O Hino a São Bartolomeu dos Mártires é um canto laudativo e foi composto pelo padre Jorge Alves Barbosa aquando do Quinto Centenário do Nascimento de São Bartolomeu dos Mártires. O poema é de Dom Joaquim Gonçalves, mas o texto foi reelaborado pelo compositor e com o acrescento de algumas estrofes. A música procura seguir uma linguagem particularmente modal e evocando um certo espírito renascentista. Todavia, o refrão é escrito num estilo mais popular.

O Doutor Diogo Alte da Veiga, no seu artigo, “A música litúrgica na Catedral de Braga no tempo de Frei Bartolomeu dos Mártires”, após fazer sumariamente um enquadramento da evolução litúrgica, aborda a música na Catedral de Braga nas duas vertentes em que, em meados do século XVI, era praticada: o canto monódico e a música polifónica.
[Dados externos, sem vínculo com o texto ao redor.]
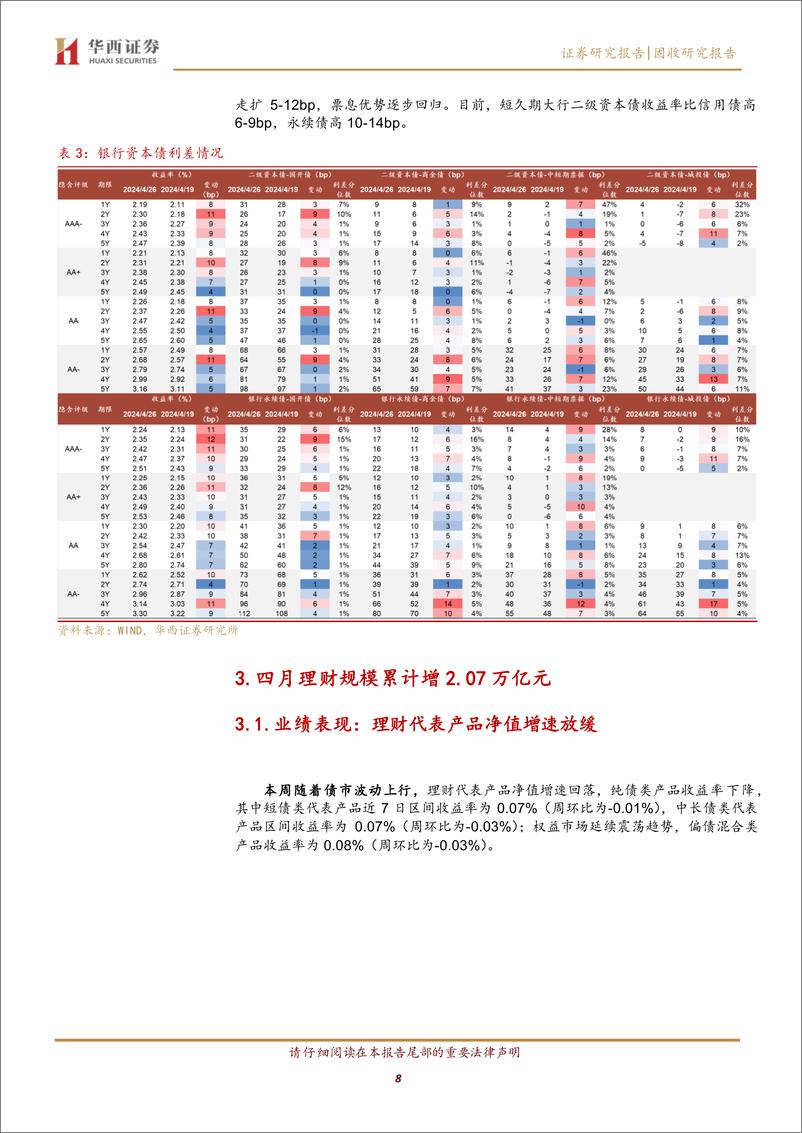 《债市稳定还是负反馈，一念之间-240428-华西证券-22页》 - 第8页预览图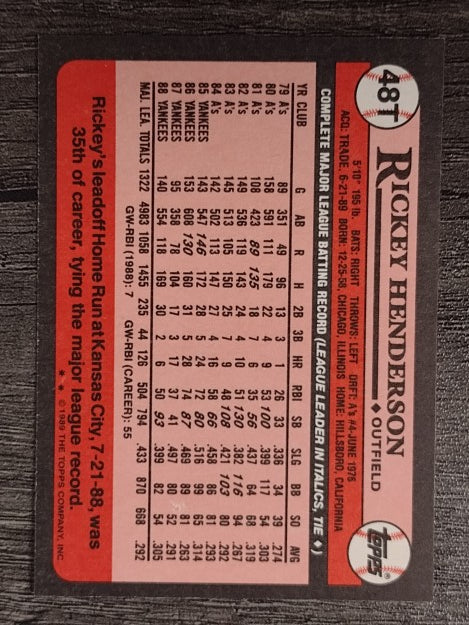 1989 Topps Traded #48T Rickey Henderson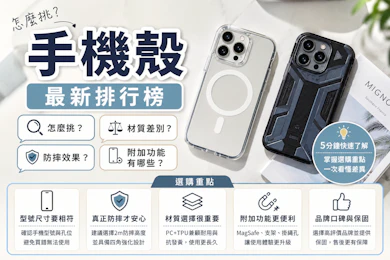 專家監製10大手機殼推薦排行榜【2026最新】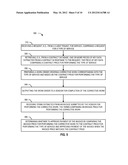 EVALUATING CONTRACT QUALITY diagram and image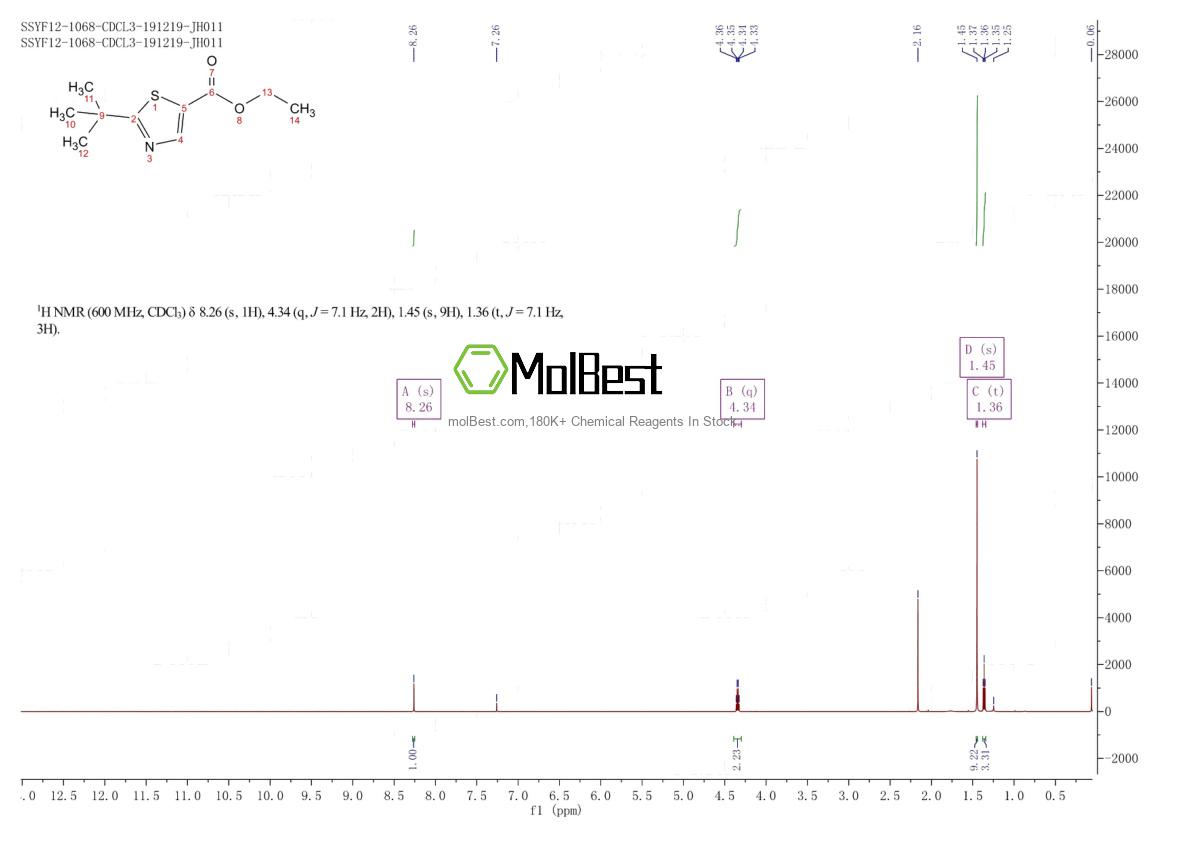 Physical sample testing spectrum (NMR) of 1012881-37-6
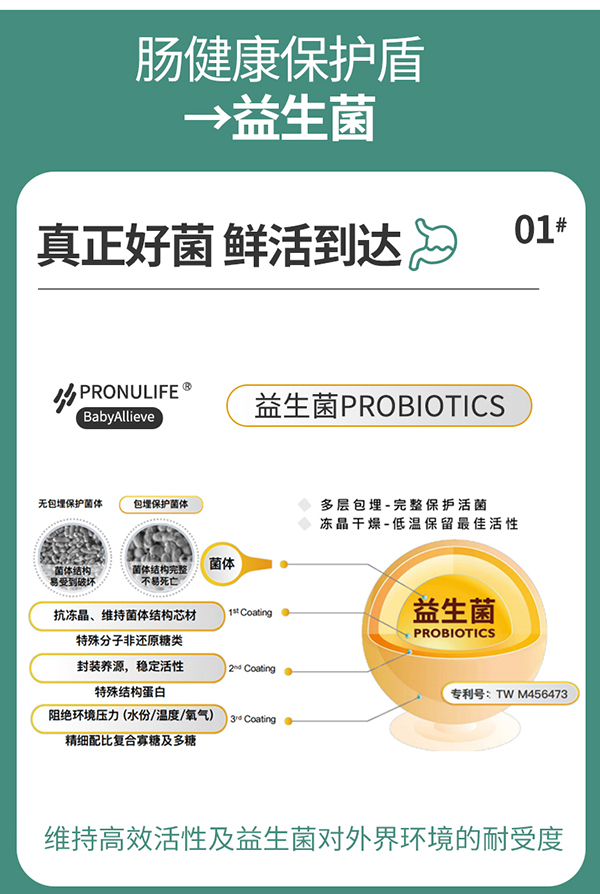 圣諾熊愛敏康復合益生菌固體飲料詳情圖7.jpg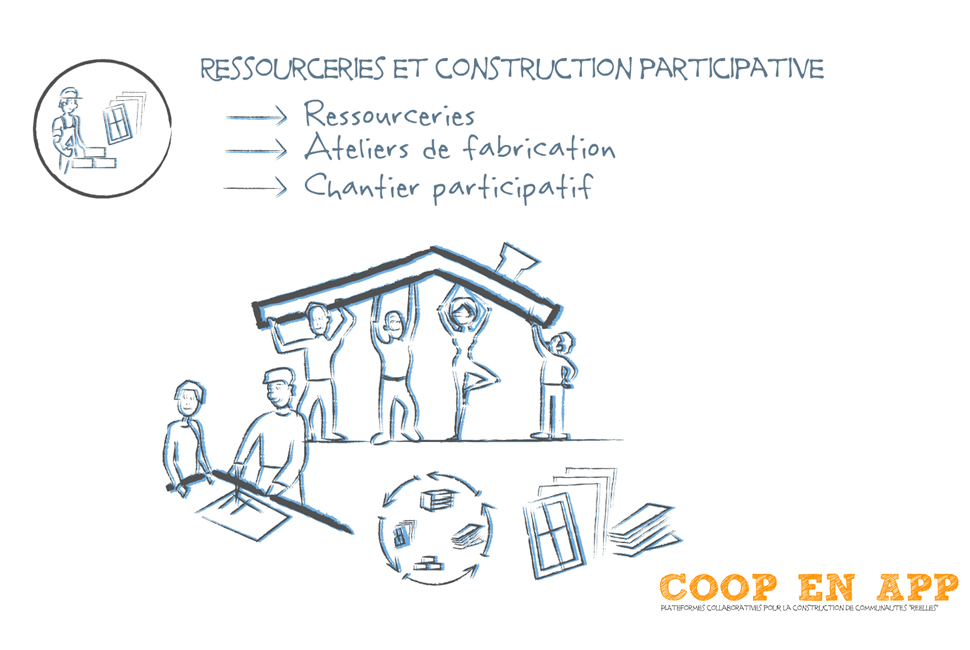 projet  Un outil de construction participative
Por fim e como é hábito da Revista de Música Litúrgica SALICUS, na rúbrica “Livro de Órgão” apresentamos um cântico tradicional do reportório litúrgico retrabalhado com “novas roupagens” harmónicas para o uso e desfrute dos organistas de diferentes níveis de virtuosismo. Desta vez, a tarefa coube ao compositor João Santos que trabalhou o bem conhecido cântico “Eu sou o Pão da vida” de Dom Celestino Borges de Sousa. São apresentadas uma versão A mais sóbria e uma versão B mais rica contrapontística e harmonicamente. Ambas são introduzidas pelo mesmo Prelúdio e concluídas com o mesmo Poslúdio e foram escritas apenas para manuais.

Que São Bartolomeu dos Mártires, que tanto zelou para que a beleza da música litúrgica estivesse de acordo com a beleza dos Mistérios que a Igreja celebra, interceda por todos aqueles que exercem ministérios musicais na liturgia para que aliem a profundidade da devoção à sublimidade da arte.